» **PROBLEM REQUIREMENTS**
Output the listing word for word, minus images.

» **RECORDED DATA**
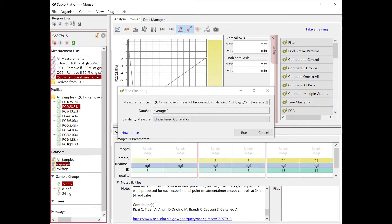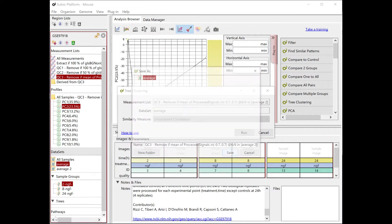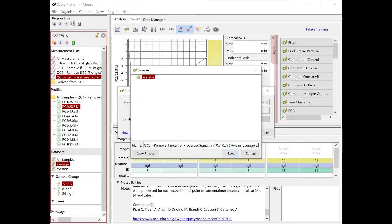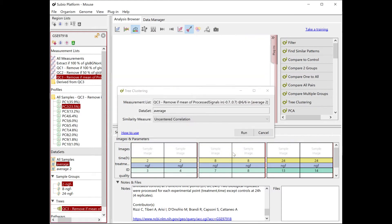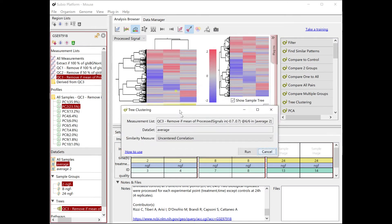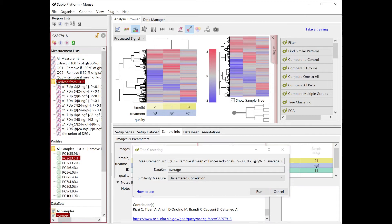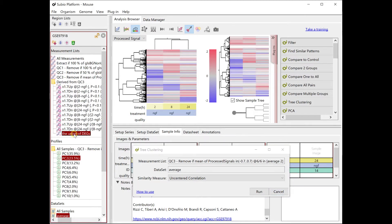Now we run the hierarchical clustering with the QC3 list and the average dataset. As expected from the result of PCA, the genes that are upregulated and downregulated at each time point are unique. There is not much overlap.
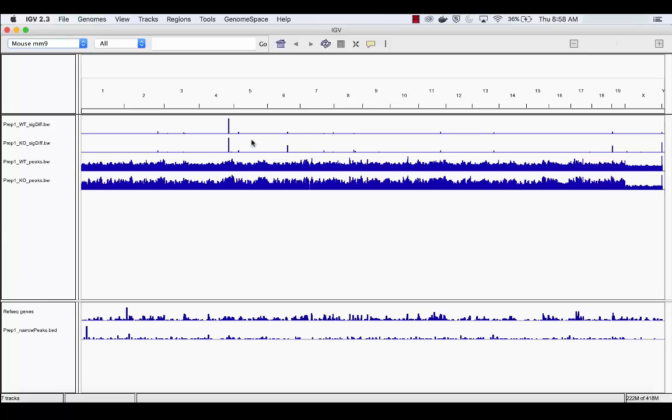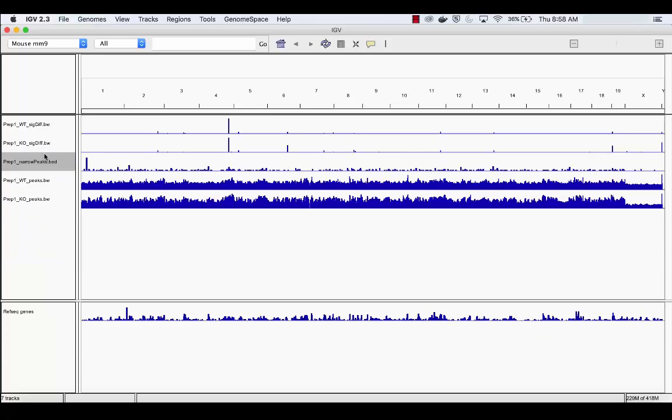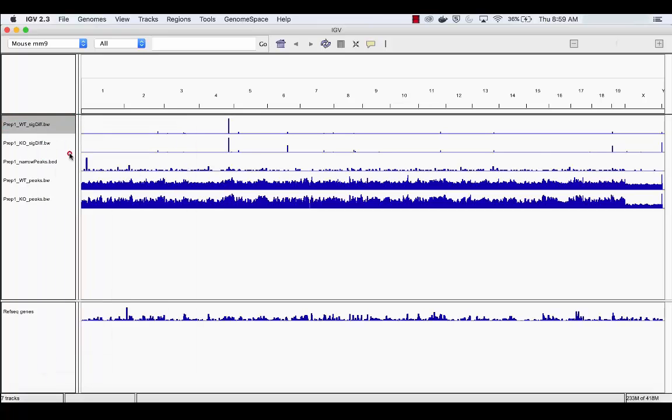Start by moving the narrow peaks track by clicking and dragging it to the third track slot. Then, change the color of the top track by right-clicking the wild-type gene expression track, selecting Change Track Color Positive, and selecting the desired color.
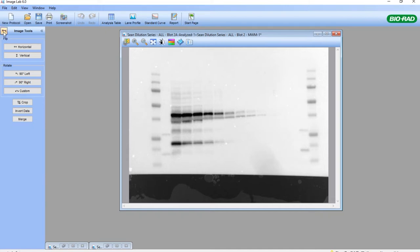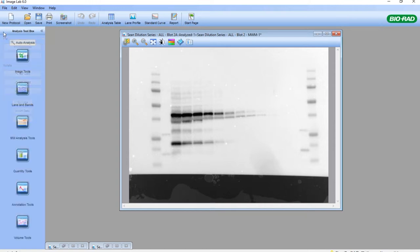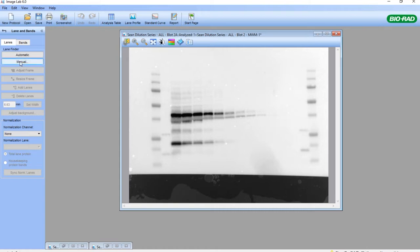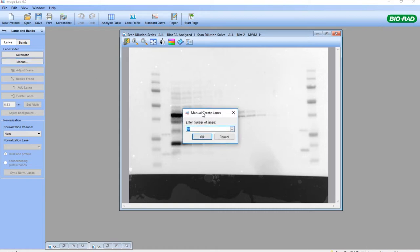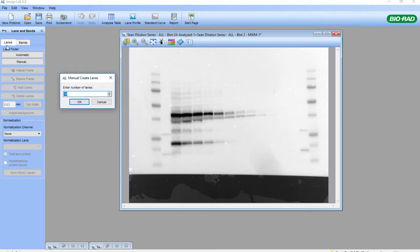We go back to the Toolbox and choose the Lane and Band Tool. Click on Manual. What we want to do is create the correct number of lanes for this membrane. I would like to encapsulate both of the markers on either side of the membrane to get more precise molecular weight analysis of my protein of interest.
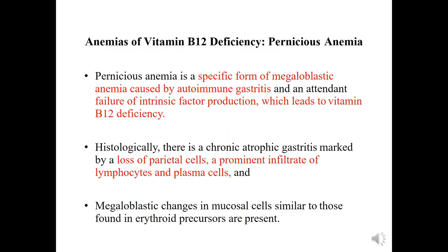Pernicious anemia is a specific form of megaloblastic anemia caused by autoimmune gastritis and failure of intrinsic factor production, leading to vitamin B12 deficiency. On biopsy of the stomach, we see loss of parietal cells, a permanent infiltrate of lymphocytes and plasma cells indicating chronic atrophic gastritis, and megaloblastic changes in the mucosa similar to those found in erythroid precursors.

» **RESPONSE BELOW**
Now we run the hierarchical clustering with the QC3 list and the average dataset. As expected from the result of PCA, the genes that are upregulated and downregulated at each time point are unique. There is not much overlap.
Start by moving the narrow peaks track by clicking and dragging it to the third track slot. Then, change the color of the top track by right-clicking the wild-type gene expression track, selecting Change Track Color Positive, and selecting the desired color.
We go back to the Toolbox and choose the Lane and Band Tool. Click on Manual. What we want to do is create the correct number of lanes for this membrane. I would like to encapsulate both of the markers on either side of the membrane to get more precise molecular weight analysis of my protein of interest.
Pernicious anemia is a specific form of megaloblastic anemia caused by autoimmune gastritis and failure of intrinsic factor production, leading to vitamin B12 deficiency. On biopsy of the stomach, we see loss of parietal cells, a permanent infiltrate of lymphocytes and plasma cells indicating chronic atrophic gastritis, and megaloblastic changes in the mucosa similar to those found in erythroid precursors.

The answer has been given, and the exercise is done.